Dataset records:
Start of Block
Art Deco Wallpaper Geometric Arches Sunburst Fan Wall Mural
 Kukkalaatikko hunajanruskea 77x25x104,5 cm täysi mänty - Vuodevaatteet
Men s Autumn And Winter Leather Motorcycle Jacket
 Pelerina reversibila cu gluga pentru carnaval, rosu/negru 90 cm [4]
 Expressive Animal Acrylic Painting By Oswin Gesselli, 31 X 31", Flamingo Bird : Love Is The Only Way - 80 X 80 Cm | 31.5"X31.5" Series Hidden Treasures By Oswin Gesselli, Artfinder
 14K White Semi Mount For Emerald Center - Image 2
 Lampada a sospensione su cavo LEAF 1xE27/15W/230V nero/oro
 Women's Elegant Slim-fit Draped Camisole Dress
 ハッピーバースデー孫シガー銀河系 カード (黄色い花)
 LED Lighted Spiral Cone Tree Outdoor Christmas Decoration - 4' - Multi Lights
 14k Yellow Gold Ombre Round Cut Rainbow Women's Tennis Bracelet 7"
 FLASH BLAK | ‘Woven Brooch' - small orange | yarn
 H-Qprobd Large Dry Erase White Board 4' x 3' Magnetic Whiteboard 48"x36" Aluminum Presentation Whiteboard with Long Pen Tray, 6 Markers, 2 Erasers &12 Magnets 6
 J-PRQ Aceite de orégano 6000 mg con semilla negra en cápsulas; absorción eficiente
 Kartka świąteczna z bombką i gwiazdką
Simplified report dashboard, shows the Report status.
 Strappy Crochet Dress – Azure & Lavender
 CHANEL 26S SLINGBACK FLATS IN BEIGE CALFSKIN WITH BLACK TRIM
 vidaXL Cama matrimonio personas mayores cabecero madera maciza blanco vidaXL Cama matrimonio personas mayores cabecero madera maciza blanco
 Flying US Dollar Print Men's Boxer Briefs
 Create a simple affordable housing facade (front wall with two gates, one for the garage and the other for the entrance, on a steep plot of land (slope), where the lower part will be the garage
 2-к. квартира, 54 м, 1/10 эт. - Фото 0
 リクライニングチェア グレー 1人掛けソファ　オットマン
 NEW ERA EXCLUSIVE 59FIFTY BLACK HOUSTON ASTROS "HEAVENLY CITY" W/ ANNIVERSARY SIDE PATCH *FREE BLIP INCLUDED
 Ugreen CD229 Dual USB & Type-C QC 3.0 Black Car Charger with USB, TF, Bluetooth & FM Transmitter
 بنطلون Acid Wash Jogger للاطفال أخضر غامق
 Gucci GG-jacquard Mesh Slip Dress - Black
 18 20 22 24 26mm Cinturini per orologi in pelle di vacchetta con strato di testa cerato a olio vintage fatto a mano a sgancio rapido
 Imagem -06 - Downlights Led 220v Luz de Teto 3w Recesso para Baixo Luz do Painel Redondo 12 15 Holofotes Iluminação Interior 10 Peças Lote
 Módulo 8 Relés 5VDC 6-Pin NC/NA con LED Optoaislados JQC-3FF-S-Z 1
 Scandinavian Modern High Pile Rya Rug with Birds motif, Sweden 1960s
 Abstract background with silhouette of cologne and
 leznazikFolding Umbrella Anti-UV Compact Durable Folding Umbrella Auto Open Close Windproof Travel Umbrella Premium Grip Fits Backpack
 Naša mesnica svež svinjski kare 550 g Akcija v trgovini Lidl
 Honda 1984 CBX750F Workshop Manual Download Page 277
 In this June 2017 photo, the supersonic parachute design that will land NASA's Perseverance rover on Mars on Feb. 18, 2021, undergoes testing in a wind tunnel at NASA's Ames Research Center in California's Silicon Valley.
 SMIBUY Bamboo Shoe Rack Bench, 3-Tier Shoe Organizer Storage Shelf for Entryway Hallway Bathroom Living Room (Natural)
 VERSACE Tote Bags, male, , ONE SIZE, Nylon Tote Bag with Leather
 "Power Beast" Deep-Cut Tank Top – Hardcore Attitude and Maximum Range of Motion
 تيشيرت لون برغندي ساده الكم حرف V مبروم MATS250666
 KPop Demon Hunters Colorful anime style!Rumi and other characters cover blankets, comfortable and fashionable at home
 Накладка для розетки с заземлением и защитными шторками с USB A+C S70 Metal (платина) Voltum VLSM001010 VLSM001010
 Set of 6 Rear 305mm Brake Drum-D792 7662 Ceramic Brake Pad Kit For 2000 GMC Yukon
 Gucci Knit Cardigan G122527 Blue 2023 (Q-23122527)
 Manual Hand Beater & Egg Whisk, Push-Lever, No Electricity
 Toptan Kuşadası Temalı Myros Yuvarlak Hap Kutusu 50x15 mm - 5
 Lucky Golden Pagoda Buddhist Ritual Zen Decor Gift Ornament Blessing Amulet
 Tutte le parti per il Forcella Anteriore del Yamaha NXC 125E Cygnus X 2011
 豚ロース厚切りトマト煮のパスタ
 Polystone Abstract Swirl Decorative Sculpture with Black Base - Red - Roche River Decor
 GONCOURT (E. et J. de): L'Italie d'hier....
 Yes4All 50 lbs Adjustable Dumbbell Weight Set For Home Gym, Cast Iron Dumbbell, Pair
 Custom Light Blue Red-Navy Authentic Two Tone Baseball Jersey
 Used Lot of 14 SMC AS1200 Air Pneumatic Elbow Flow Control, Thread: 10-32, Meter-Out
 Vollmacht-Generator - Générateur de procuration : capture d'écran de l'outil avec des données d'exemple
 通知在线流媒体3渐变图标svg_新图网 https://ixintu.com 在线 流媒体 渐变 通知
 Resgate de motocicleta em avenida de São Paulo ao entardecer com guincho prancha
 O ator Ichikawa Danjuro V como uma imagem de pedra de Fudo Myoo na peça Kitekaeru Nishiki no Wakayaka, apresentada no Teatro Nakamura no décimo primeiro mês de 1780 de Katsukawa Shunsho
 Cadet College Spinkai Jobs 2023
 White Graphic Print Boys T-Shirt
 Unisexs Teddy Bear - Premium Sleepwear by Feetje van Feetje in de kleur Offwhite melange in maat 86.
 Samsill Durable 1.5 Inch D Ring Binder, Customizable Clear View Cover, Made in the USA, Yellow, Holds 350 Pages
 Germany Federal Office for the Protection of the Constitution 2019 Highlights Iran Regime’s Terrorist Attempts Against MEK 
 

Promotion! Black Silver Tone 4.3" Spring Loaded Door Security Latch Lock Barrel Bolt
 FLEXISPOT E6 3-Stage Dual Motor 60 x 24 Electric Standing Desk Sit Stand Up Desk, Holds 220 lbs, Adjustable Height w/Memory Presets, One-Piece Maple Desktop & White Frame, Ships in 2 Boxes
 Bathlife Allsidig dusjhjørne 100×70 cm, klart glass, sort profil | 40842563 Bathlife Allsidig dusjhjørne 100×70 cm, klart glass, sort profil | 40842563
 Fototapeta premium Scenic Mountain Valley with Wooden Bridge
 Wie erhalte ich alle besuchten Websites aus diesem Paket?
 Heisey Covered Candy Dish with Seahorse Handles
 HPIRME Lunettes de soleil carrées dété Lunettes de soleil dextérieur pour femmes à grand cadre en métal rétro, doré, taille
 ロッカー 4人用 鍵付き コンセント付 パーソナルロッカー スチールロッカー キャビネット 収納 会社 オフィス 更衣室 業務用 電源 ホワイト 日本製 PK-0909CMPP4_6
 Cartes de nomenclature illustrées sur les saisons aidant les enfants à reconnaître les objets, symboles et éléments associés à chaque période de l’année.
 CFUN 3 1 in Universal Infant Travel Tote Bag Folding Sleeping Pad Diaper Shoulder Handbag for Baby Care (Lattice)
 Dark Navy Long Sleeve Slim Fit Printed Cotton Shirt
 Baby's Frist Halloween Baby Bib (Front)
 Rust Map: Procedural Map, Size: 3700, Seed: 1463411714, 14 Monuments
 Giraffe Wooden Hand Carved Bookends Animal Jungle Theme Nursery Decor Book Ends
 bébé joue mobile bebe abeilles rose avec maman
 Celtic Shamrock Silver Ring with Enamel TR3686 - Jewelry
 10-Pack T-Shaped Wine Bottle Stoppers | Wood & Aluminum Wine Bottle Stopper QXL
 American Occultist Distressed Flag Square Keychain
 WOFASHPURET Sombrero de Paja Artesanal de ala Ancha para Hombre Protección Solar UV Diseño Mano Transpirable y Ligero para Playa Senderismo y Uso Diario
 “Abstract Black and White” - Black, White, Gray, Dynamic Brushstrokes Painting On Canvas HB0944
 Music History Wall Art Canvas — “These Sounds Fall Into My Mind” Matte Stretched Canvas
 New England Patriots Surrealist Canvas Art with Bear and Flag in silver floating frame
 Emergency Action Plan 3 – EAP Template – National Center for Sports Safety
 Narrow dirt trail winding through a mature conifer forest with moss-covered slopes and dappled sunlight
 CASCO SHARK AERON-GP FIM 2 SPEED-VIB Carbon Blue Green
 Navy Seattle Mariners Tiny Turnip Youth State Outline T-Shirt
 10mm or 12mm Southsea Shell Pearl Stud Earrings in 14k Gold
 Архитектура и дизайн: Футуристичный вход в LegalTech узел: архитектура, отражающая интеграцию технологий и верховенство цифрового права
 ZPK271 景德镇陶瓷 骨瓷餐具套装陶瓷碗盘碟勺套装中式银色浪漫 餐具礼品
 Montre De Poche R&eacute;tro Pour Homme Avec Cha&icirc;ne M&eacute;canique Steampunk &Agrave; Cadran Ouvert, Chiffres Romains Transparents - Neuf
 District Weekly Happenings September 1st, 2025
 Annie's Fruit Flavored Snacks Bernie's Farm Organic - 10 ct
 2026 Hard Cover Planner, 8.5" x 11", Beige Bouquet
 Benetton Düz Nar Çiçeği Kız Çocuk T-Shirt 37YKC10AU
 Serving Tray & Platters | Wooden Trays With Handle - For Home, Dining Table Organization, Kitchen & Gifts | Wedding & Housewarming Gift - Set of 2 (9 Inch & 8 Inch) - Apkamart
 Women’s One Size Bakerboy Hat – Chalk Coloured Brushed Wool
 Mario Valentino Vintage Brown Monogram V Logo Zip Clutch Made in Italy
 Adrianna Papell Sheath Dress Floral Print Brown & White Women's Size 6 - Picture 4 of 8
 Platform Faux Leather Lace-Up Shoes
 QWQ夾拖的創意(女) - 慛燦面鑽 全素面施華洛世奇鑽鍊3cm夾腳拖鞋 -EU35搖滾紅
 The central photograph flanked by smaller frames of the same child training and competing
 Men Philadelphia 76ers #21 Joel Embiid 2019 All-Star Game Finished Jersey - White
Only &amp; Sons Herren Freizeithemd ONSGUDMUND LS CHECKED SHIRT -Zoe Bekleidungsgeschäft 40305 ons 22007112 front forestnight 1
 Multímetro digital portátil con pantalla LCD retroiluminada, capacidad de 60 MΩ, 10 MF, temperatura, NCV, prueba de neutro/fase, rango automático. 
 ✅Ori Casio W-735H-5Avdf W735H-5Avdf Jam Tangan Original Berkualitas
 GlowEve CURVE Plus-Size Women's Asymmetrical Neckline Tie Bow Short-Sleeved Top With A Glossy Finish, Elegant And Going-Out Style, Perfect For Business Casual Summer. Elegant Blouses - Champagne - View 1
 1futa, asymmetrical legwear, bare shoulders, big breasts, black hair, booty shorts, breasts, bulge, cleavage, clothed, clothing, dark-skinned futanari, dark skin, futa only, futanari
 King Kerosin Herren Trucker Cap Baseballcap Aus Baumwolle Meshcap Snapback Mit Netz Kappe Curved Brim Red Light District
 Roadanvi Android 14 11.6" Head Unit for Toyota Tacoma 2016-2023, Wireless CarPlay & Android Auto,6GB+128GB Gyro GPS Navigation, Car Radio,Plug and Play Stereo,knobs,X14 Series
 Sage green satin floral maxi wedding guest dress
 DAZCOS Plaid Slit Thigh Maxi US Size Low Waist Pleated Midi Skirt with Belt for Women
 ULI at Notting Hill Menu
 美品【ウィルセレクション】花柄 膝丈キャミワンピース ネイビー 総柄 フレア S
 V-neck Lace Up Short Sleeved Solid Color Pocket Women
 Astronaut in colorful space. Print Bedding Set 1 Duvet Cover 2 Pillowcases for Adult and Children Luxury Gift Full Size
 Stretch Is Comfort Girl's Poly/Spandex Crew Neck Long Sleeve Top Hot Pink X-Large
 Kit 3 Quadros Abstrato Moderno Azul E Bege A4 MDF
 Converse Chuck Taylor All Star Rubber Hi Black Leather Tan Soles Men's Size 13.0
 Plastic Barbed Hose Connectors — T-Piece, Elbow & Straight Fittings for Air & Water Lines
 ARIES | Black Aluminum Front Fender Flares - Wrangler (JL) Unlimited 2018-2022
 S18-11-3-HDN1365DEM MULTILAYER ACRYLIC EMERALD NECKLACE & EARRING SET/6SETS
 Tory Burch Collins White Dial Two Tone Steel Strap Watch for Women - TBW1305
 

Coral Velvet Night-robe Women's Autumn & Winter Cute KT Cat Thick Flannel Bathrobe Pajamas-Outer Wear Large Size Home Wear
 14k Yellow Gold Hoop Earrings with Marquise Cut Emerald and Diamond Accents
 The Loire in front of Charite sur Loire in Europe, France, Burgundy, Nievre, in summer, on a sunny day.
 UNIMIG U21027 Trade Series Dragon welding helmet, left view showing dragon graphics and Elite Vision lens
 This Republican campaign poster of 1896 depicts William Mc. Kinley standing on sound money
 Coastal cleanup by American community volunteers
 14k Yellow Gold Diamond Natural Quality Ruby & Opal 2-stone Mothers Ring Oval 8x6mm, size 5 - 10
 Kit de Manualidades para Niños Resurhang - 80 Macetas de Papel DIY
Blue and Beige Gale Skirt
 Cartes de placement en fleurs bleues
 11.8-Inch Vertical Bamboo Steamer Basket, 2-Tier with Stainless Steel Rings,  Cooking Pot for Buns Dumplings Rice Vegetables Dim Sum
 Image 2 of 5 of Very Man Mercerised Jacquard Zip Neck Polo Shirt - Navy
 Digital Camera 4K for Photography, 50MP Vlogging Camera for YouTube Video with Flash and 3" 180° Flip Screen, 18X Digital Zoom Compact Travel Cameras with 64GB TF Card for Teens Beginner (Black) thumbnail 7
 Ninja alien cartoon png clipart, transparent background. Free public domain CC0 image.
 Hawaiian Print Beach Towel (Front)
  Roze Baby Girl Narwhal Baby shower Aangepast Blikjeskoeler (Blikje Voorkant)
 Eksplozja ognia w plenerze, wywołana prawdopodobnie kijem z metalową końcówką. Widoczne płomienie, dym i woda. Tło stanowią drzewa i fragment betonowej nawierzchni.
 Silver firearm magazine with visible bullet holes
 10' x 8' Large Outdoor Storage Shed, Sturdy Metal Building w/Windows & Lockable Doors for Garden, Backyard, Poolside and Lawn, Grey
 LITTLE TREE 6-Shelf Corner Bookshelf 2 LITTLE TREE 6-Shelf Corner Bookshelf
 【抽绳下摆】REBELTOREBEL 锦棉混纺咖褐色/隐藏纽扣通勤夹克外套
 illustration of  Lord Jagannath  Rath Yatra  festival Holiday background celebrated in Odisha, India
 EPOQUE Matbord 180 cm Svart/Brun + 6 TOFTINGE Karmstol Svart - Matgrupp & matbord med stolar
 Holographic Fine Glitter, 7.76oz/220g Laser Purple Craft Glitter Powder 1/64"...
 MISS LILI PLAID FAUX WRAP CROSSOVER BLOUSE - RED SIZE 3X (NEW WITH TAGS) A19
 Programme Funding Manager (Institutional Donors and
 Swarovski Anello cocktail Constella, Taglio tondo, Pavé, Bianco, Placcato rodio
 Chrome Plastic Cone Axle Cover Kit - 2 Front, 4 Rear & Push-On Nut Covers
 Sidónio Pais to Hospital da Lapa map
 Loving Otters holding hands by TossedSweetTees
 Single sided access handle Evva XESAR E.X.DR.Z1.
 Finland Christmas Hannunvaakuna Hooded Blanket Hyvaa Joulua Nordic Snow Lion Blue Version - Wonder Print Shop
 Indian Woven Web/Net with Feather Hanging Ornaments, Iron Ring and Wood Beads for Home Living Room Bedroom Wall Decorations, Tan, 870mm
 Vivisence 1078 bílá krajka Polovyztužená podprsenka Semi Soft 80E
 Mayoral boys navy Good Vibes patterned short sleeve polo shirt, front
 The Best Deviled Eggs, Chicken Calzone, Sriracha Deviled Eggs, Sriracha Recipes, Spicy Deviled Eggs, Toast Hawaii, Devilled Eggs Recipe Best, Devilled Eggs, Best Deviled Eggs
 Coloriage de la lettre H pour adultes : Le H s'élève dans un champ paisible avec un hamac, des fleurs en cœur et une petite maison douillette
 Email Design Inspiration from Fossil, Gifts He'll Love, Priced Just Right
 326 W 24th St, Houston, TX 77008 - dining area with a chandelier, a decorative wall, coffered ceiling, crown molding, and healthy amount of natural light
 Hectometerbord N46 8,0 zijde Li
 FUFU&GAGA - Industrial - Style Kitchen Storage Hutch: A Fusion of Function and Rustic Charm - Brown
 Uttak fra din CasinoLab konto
End of Block
Task prompt:
Retype the entries above exactly, but only from the line containing "Unisexs Teddy Bear" through the line containing "Baby's Frist Halloween Baby Bib (Front)", both included.

Task output:
 Unisexs Teddy Bear - Premium Sleepwear by Feetje van Feetje in de kleur Offwhite melange in maat 86.
 Samsill Durable 1.5 Inch D Ring Binder, Customizable Clear View Cover, Made in the USA, Yellow, Holds 350 Pages
 Germany Federal Office for the Protection of the Constitution 2019 Highlights Iran Regime’s Terrorist Attempts Against MEK 
 

Promotion! Black Silver Tone 4.3" Spring Loaded Door Security Latch Lock Barrel Bolt
 FLEXISPOT E6 3-Stage Dual Motor 60 x 24 Electric Standing Desk Sit Stand Up Desk, Holds 220 lbs, Adjustable Height w/Memory Presets, One-Piece Maple Desktop & White Frame, Ships in 2 Boxes
 Bathlife Allsidig dusjhjørne 100×70 cm, klart glass, sort profil | 40842563 Bathlife Allsidig dusjhjørne 100×70 cm, klart glass, sort profil | 40842563
 Fototapeta premium Scenic Mountain Valley with Wooden Bridge
 Wie erhalte ich alle besuchten Websites aus diesem Paket?
 Heisey Covered Candy Dish with Seahorse Handles
 HPIRME Lunettes de soleil carrées dété Lunettes de soleil dextérieur pour femmes à grand cadre en métal rétro, doré, taille
 ロッカー 4人用 鍵付き コンセント付 パーソナルロッカー スチールロッカー キャビネット 収納 会社 オフィス 更衣室 業務用 電源 ホワイト 日本製 PK-0909CMPP4_6
 Cartes de nomenclature illustrées sur les saisons aidant les enfants à reconnaître les objets, symboles et éléments associés à chaque période de l’année.
 CFUN 3 1 in Universal Infant Travel Tote Bag Folding Sleeping Pad Diaper Shoulder Handbag for Baby Care (Lattice)
 Dark Navy Long Sleeve Slim Fit Printed Cotton Shirt
 Baby's Frist Halloween Baby Bib (Front)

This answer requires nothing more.